Observe the nimbleness of a mountain goat or the agile maneuvers of a dragonfly and you’ll recognize why roboticists look to nature’s design for inspiration.
While the seemingly-effortless movements of animals and insects hold clues to understanding dynamic locomotion, mimicking these movements in manufactured machines remains a challenge.
Robots require heavy motors, actuators, and power sources. And lots of nuts and bolts. While these rigid, cumbersome components limit the types of tasks that robots can perform, they do provide the “oomph” required to maneuver through harsh environments or withstand a crushing force.
“In robotic applications like wearable computing and human motor assistance, a softer approach is needed,” said Carmel Majidi, an associate professor of mechanical engineering at Carnegie Mellon University and a pioneer in the field of soft robotics.
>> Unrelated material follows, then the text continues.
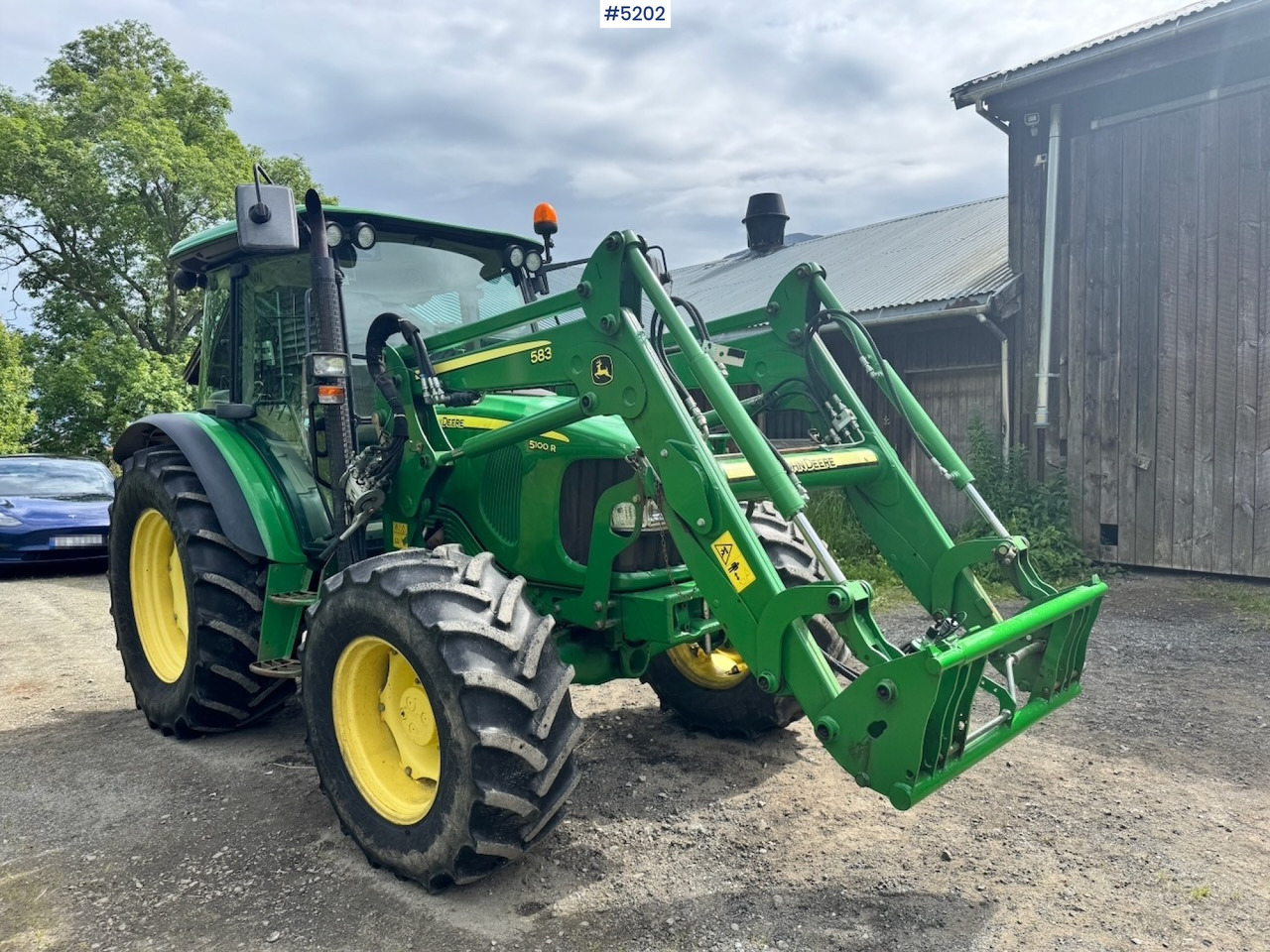 2011 John Deere 5100R 4x4 w/ Front loader and bucket. 2730 hours! - Трактор: фото 2 2011 John Deere 5100R 4x4 w/ Front loader and bucket. 2730 hours! - Трактор: фото 2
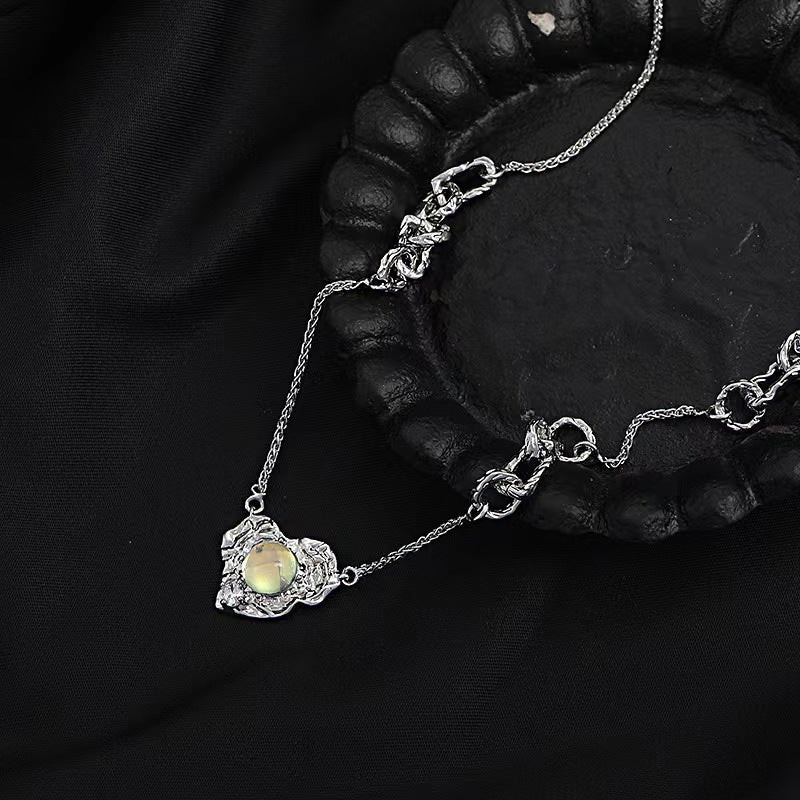 Love necklace female senior sense of hip-hop cold wind sweet cool fashion versatile personality 2022 new collarbone chain tide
Our findings can serve as a template for soft, robust robots that match the speed, dynamics, and work output of animals and motorized machines.Carmel Majidi, Associate Professor of Mechanical Engineering, Carnegie Mellon University
In Majidi’s Soft Machines Lab, researchers investigate alternative materials and systems for compliant, flexible electronics and human-compatible machines.
Working with collaborators from the University of California, Los Angeles and the University of Nevada, Reno, the team recently published Chasing biomimetic locomotion speeds: Creating untethered soft robots with shape memory alloy actuators, in Science Robotics.
The researchers attempted to develop soft, battery operated robots that could match the locomotion of natural organisms. They combined shape memory alloy with thermally-conductive elastomer to create actuators that functioned as limbs. The natural curve of these limbs enabled the robot to carry the load of its electronics, batteries, and frame. And, because the actuators had high work density, they could generate rapid motions and forces similar to that of natural muscle.
One of the robots was a small, four-legged device that walked on different surfaces like poppy seeds and rocks that represented various bug-sized terrains. Another was a caterpillar-inspired robot that could traverse a 23 degree incline.
“With these untethered soft robots, we’ve demonstrated that it’s possible to reduce the size, weight, and complexity of the hardware,” said Xiaonan Huang, the lead author of the paper.
The work paves the way for future research that could, for example, explore improving the heat management of the actuators, or use novel computational tools to optimize the robots for jumping and swimming.
“Our findings can serve as a template for soft, robust robots that match the speed, dynamics, and work output of animals and motorized machines,” said Majidi.